Below is a block of records; return all of them exactly, but without the images.
-- Data excerpts follows --
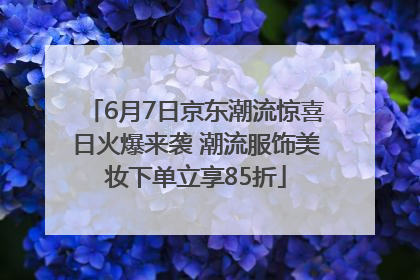 6月7日京东潮流惊喜日火爆来袭 潮流服饰美妆下单立享85折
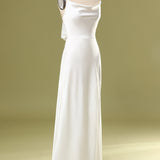 Mermaid White Long Prom Dress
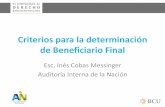Criterios para la determinación de Beneficiario Finalain.mef.gub.uy/innovaportal/file/22689/9/ppt-2017-bcu-por-ain-3.pdf · Porcentaje exceptuado por art. 7 literales b y c del Decreto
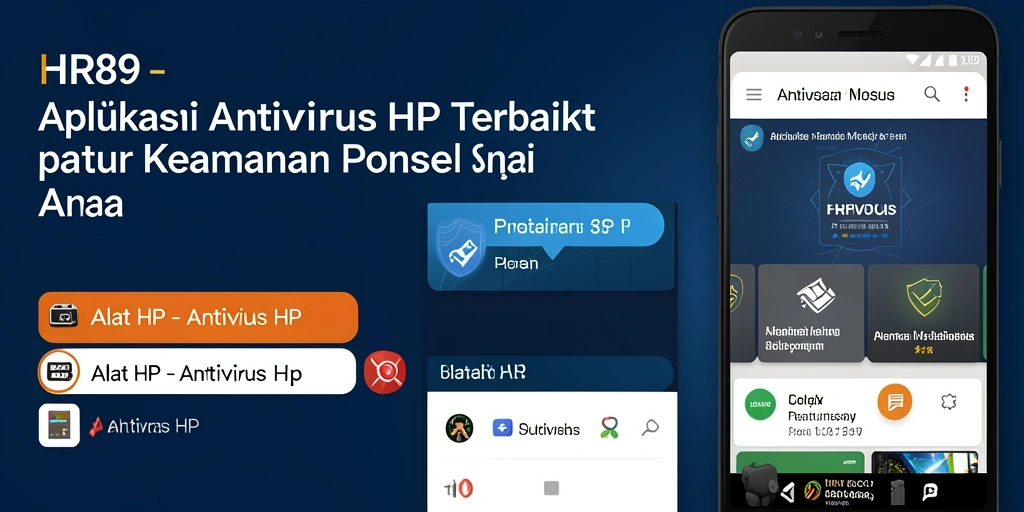 Screenshot aplikasi HR89 menunjukkan antarmuka pengguna yang intuitif dan fitur keamanan yang lengkap.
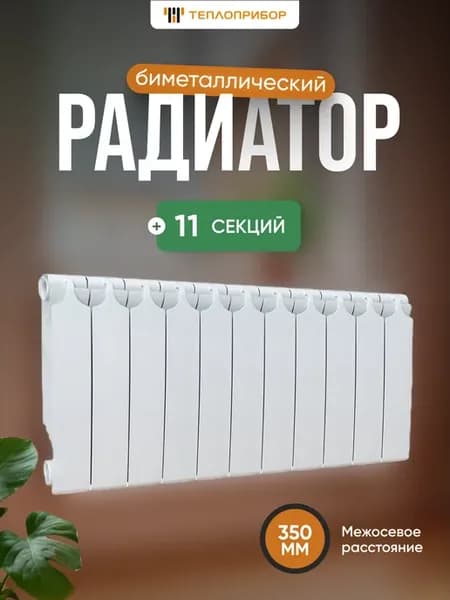 Радиатор биметаллический 11 секций BR1-350 11
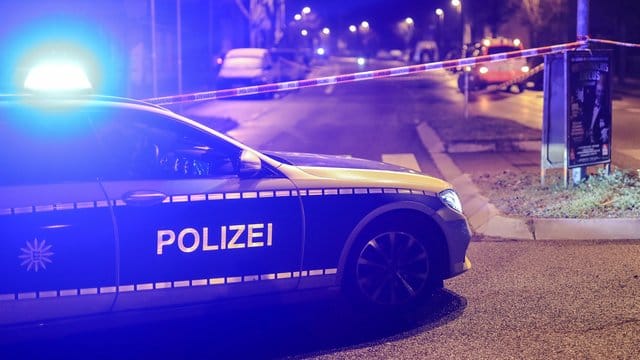 Ein Einsatzfahrzeug der Polizei in Stuttgart.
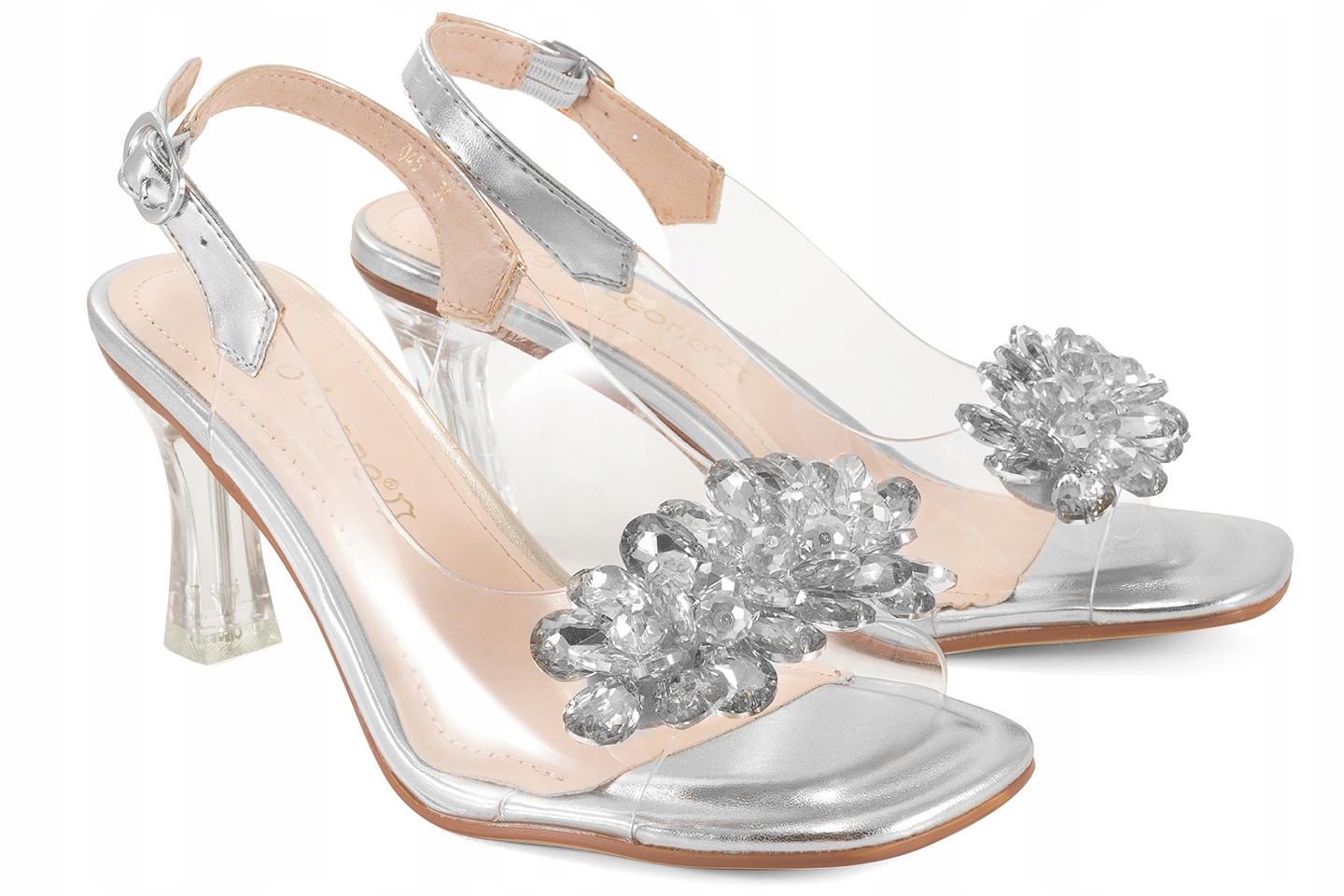 Sergio Leone SK045 Dámské Gelové Sandály Na Podpatku A Lodičky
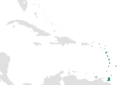 location within the Caribbean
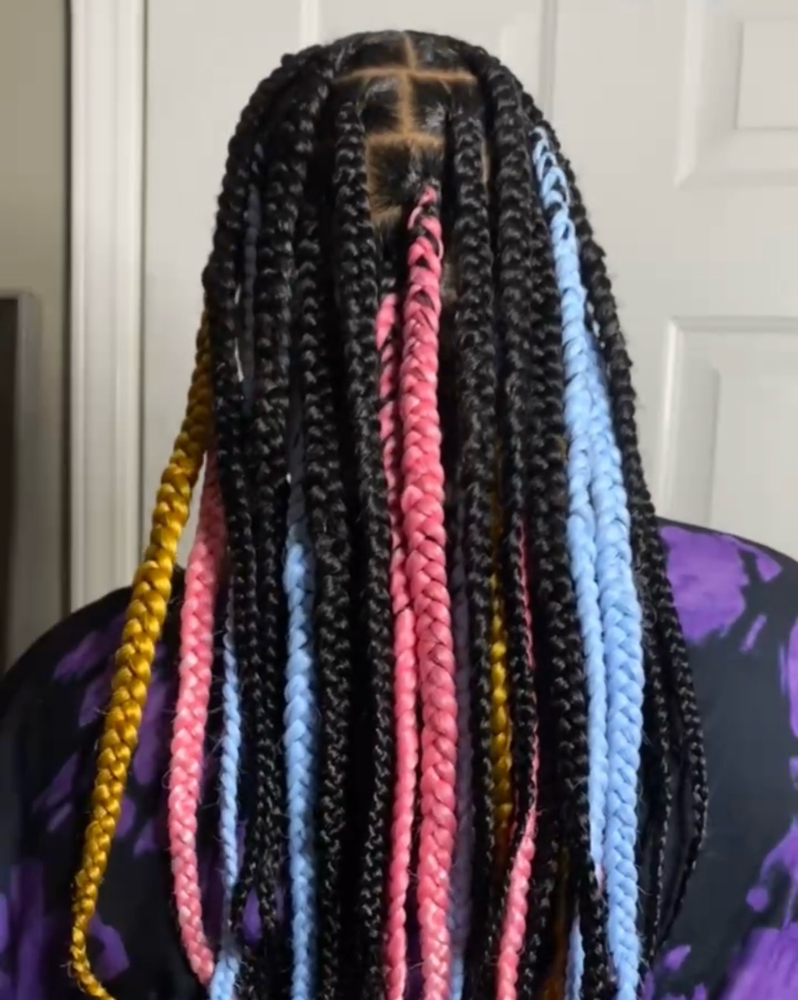 Large Knotless Braids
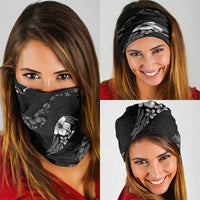 Aloha Hawaii Floral Tapa Neck Gaiter Patchwork Charcoal LT7 - Polynesian Pride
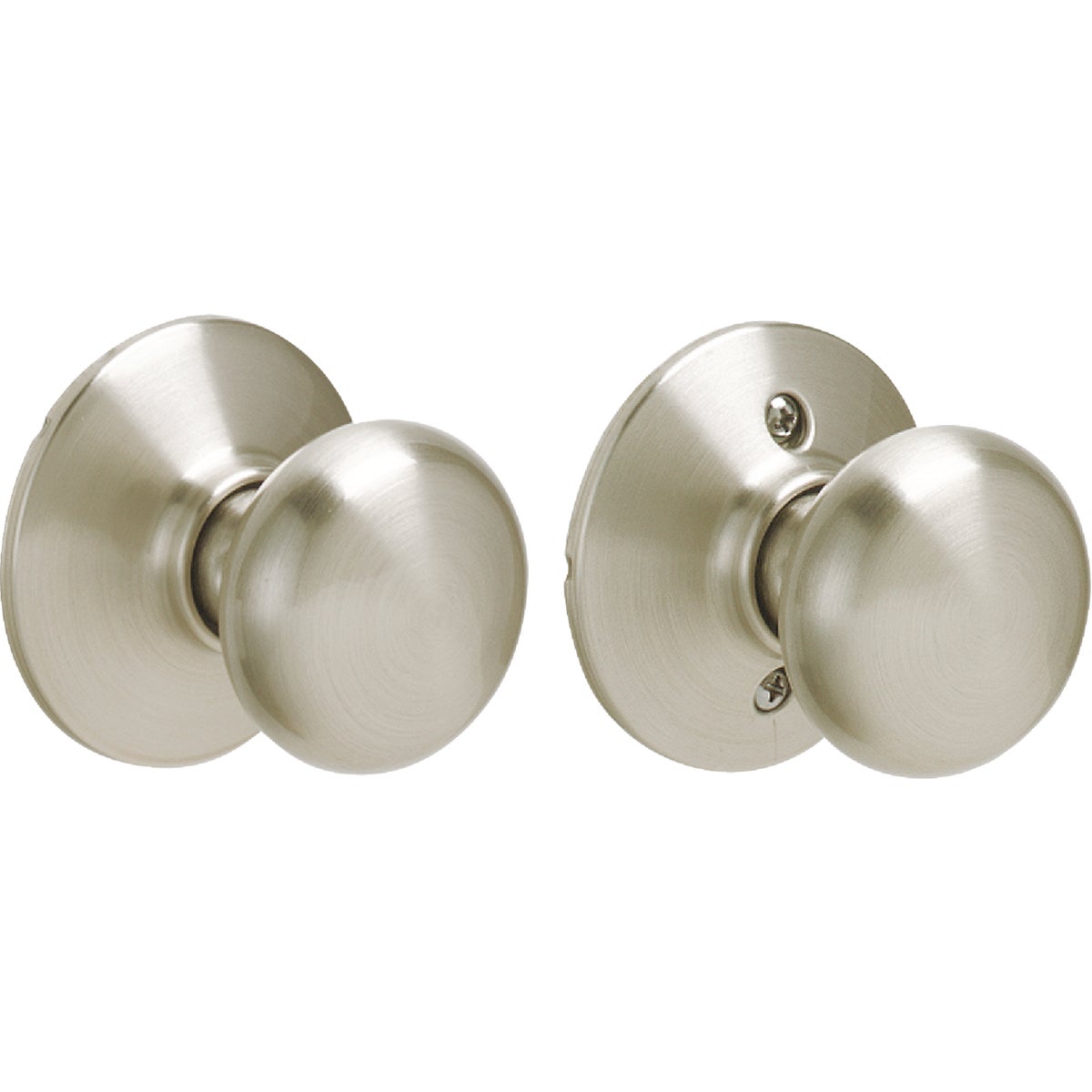 Schlage Plymouth Satin Nickel Hall & Closet Door Knob Image 1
-- Data excerpts concluded --
Solved exercise.
 6月7日京东潮流惊喜日火爆来袭 潮流服饰美妆下单立享85折
 Mermaid White Long Prom Dress
Criterios para la determinación de Beneficiario Finalain.mef.gub.uy/innovaportal/file/22689/9/ppt-2017-bcu-por-ain-3.pdf · Porcentaje exceptuado por art. 7 literales b y c del Decreto
 Screenshot aplikasi HR89 menunjukkan antarmuka pengguna yang intuitif dan fitur keamanan yang lengkap.
 Радиатор биметаллический 11 секций BR1-350 11
 Ein Einsatzfahrzeug der Polizei in Stuttgart.
 Sergio Leone SK045 Dámské Gelové Sandály Na Podpatku A Lodičky
 location within the Caribbean
 Large Knotless Braids
 Aloha Hawaii Floral Tapa Neck Gaiter Patchwork Charcoal LT7 - Polynesian Pride
 Schlage Plymouth Satin Nickel Hall & Closet Door Knob Image 1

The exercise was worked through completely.